WASHINGTON (AP) — Leading senators and a group of former officials are pushing the Obama administration to send a stalled U.S.-South Korean free trade deal to Congress. But with November elections looming, the accord may already be dead this year.

Unemployment is high in this country and few politicians are willing to support trade pacts that many voters believe rob Americans of jobs. Lawmakers also have plenty of other issues, including an overhaul of financial regulations, to fill their agenda this year.

The ambitious deal to cut trade barriers was signed in 2007 but has since languished amid dissatisfaction over a yawning gap in auto trade between the countries. Still, advocates continue to push for the accord to be sent to Congress for a ratification vote, portraying it as potentially a huge export boon for both countries.

Two senior senators, Democrat John Kerry of Massachusetts and Republican Richard Lugar of Indiana, urged President Barack Obama in a letter this month to press ahead with an accord they said would help the United States create jobs and strengthen the countries' alliance.

The New Beginnings policy study group, comprised mostly of former U.S. officials and diplomats, warned this week in a report that failure to act quickly "will not only hurt the American economy and cost American jobs, but will also reduce U.S. credibility and influence with South Korea and all of East Asia."

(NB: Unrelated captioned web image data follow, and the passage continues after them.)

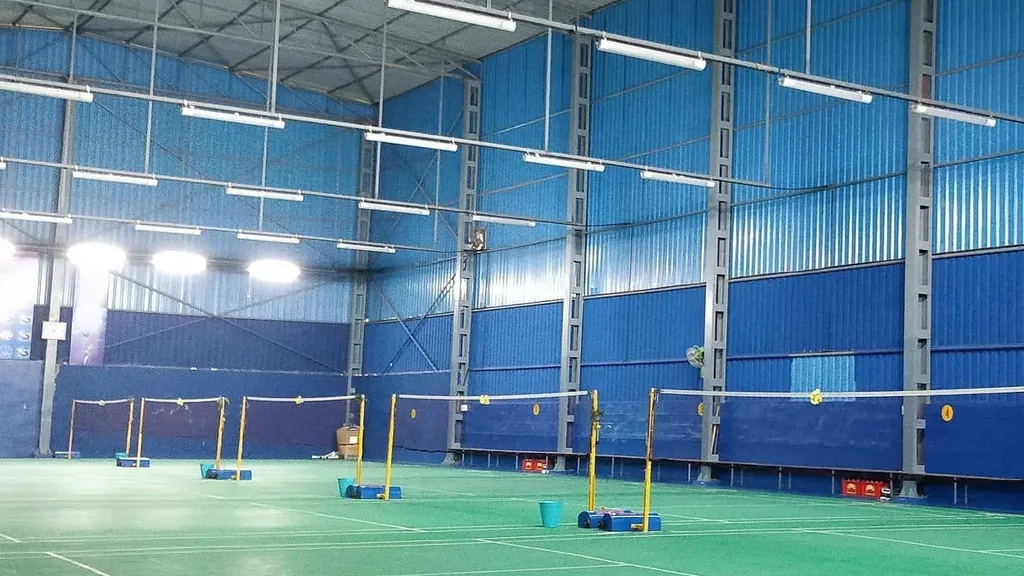 Skyfinch Sports Center — Badminton in J. P. Nagar
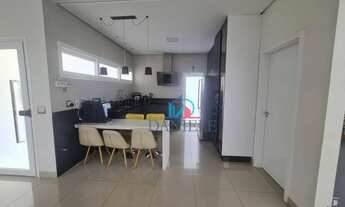 Imagem 4: Casa térrea com 3 suítes localizada no condomínio Village Damha II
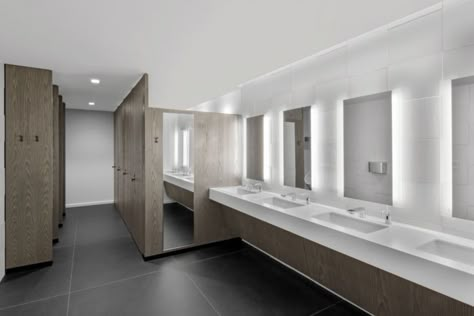 Mitsui and Company Offices – New York City Public Restroom Design, Commercial Bathroom Designs, Open Office Design, Restroom Design, Cabinet Medical, City Office, School Interior, Public Bathrooms, Washroom Design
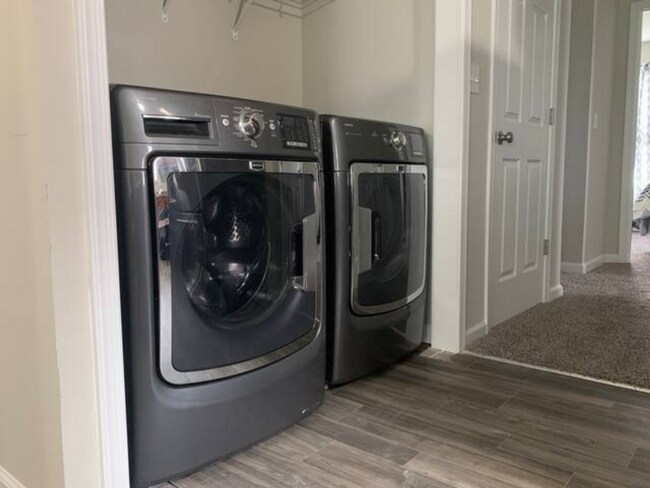 Foto del edificio - Fully furnished and Fully stocked Brand New Single Family Home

The trade deal also got a boost from Hwang Jang Yop, the highest-ranking North Korean official ever to defect to South Korea. Hwang used a rare trip to Washington in March to voice support for the accord as a way to thwart the North's efforts to weaken the U.S.-South Korean alliance.

The Democratic Party controls Congress, and Obama has pledged to strengthen trade ties with South Korea. But Obama has yet to push Congress and businesses for the support needed to pass a deal that is more favored by opposition Republicans than by Democrats.

Many Democrats want South Korea to address its wide surplus in auto trade.

Rep. Sander Levin, D-Mich., the chairman of the House of Representatives committee that oversees trade policies, said recently that South Korea allows only a small number of American cars into the country while a flood of South Korean autos enters the United States.

Meanwhile, South Korea is not waiting around for the Americans. It has a number of pacts in force and has concluded negotiations with the European Union, although that agreement must still be signed and ratified.